Paicheler était une femme obèse aux cheveux gris et bouclés; comme toujours, elle était vêtue de vêtements amples, plus pratiques qu’élégants. Une fois la porte ouverte, elle claudiqua jusqu’à son bureau avant de se laisser descendre prudemment dans sa large chaise rembourrée.  Sans courtoisie ni préambule, elle dit à Mandeville : « Kuhn ne répond plus. Ça n’est probablement rien, mais nous devons nous en assurer. »
Les échanges entre Kuhn et Paicheler s’effectuaient à partir d’un procédé qui avait transformé des miroirs jumeaux en système de communication bidirectionnel. Le vieux maître considérait que l’entrée d’une ligne téléphonique pouvait compromettre l’étanchéité de sa chambre secrète. Ce mode de communication offrait un avantage de taille sur les technologies de la communication : il assurait que les messages ne puissent jamais être interceptés par des profanes.

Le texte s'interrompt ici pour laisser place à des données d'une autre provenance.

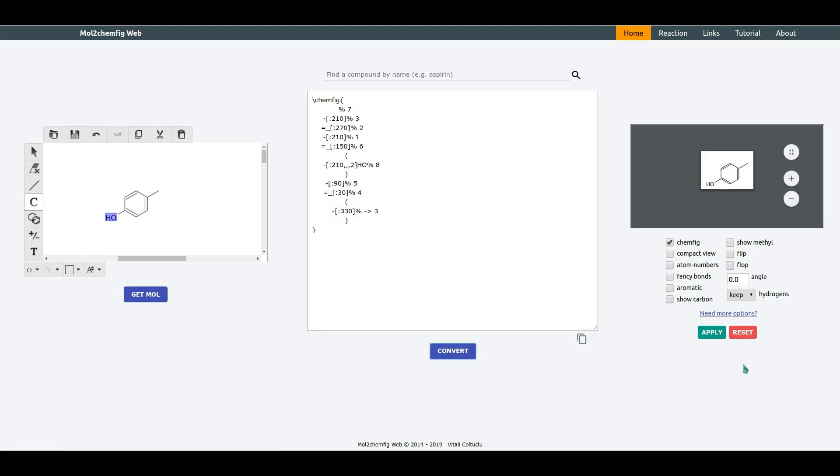On the right side there are several options which allow you to modify the appearance of the structure. Let's select Aromatic and Show Methyl options and click Apply.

« Au moins il n’est pas seul en ce moment », philosopha Mandeville en alignant le pli de son pantalon. Le Grand Œuvre prémunissait Kuhn contre la vieillesse, son huis clos le protégeait contre les infections, mais il demeurait vulnérable aux chutes, à l’électrocution, aux hémorragies…

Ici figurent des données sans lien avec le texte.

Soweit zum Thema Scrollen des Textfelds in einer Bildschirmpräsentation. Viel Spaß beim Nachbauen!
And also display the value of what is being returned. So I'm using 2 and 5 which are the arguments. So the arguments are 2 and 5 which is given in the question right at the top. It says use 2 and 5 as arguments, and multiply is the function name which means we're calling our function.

« La jeune Lytvyn n’est plus à Tanger », répondit Paicheler. « Les impressions se sont toutes tournées vers le sud-est.
— Oh. » Elle se sentit rougir.
« Ça n’est probablement rien », répéta-t-elle, « mais nous devons nous en assurer. Tu pourras lui proposer d’installer un routeur sans fil. Ce serait bien utile dans ce genre de situations.
— Oui, je vais essayer. » Mandeville savait que c’était une cause perdue. « Il ne pourra pas vivre indéfiniment dans le passé… »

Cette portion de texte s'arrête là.